Due to soaring global demand, with a record 1.242 billion ounces bought in 2022 alone, silver has become an increasingly wise investment choice in the precious metals space.
The industrial need has reached an all-time high, driven by EVs, 5G technology, and green infrastructure. Silver prices have risen 2.4% this year, reaching $24.58 per ounce amid expectations of tight supply and a projected 99-million-ounce deficit. To combat inflation, mining companies focus on efficiency, R&D, and technological innovations. This all only boosts the case for silver—not to mention its low pricing.
The bottom line is that silver is still a lucrative option for investors, and analysts agree there should be a welcome spot for the precious metal in our portfolios…

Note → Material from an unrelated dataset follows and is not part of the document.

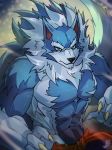  absurd_res anthro belt blue_fur canine claws clothed clothing darkstalkers fighting_pose fur hi_res jon_talbain looking_at_viewer male mammal muscular pants solo topless video_games white_fur wolf zeitzbach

Avino Silver & Gold Mines Ltd (ASM)
Avino Silver and Gold Mines (ASM) presents a compelling investment opportunity with its strong performance in the first half of 2023. ASM reported a remarkable 14% increase in silver-equivalent production compared to the previous year, with silver output rising by 20% and gold surging by an impressive 77%. Although there were some mining-related challenges in lower-grade areas and mill equipment delays, ASM has effectively addressed these issues and anticipates a robust production performance in the year’s second half. Notably, the recent drilling results from the Elena Tolosa area revealed extensive and high-grade mineralized silver, gold, and copper intercepts, marking a significant milestone for ASM.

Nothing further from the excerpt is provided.